- PROBLEM: Would you transcribe the listing that follows, character for character, and omit its images?

- DATA PROVIDED:
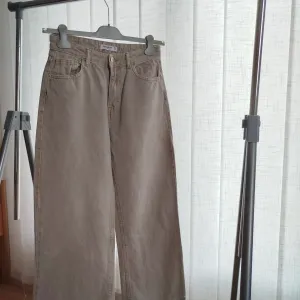 Pull&Bear široke braon farmerke, 38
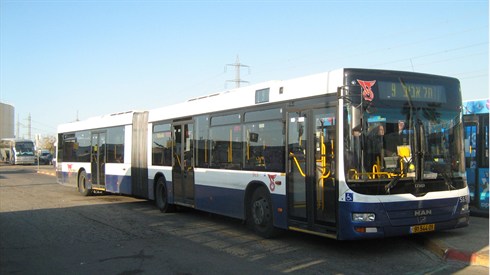 שינה באוטבוס בסוכות (Ori~) שינה באוטבוס בסוכות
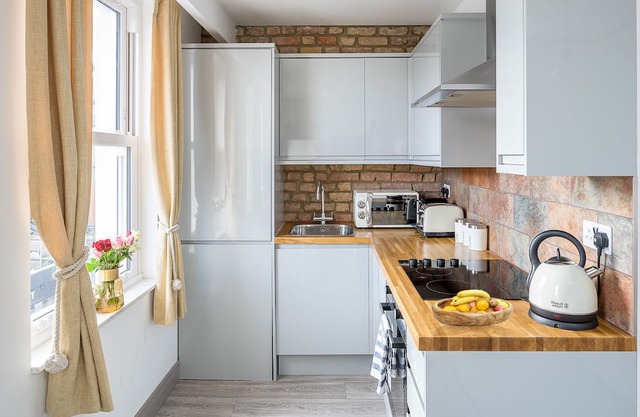 Stylish Modern 1 Bed Apartment in London NW6*16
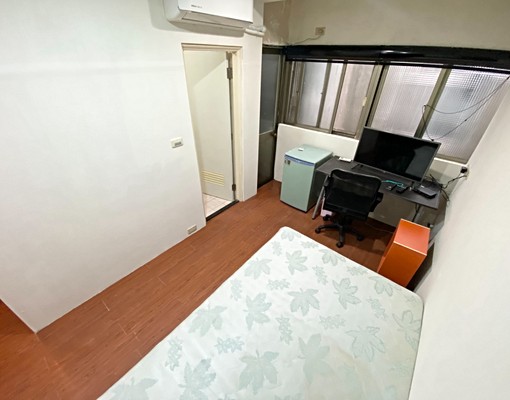 東門:大安森林:可租補:獨洗:陽台:家具齊全:靜巷 - Image 2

- EXERCISE RESPONSE:
 Pull&Bear široke braon farmerke, 38
 שינה באוטבוס בסוכות (Ori~) שינה באוטבוס בסוכות
 Stylish Modern 1 Bed Apartment in London NW6*16
 東門:大安森林:可租補:獨洗:陽台:家具齊全:靜巷 - Image 2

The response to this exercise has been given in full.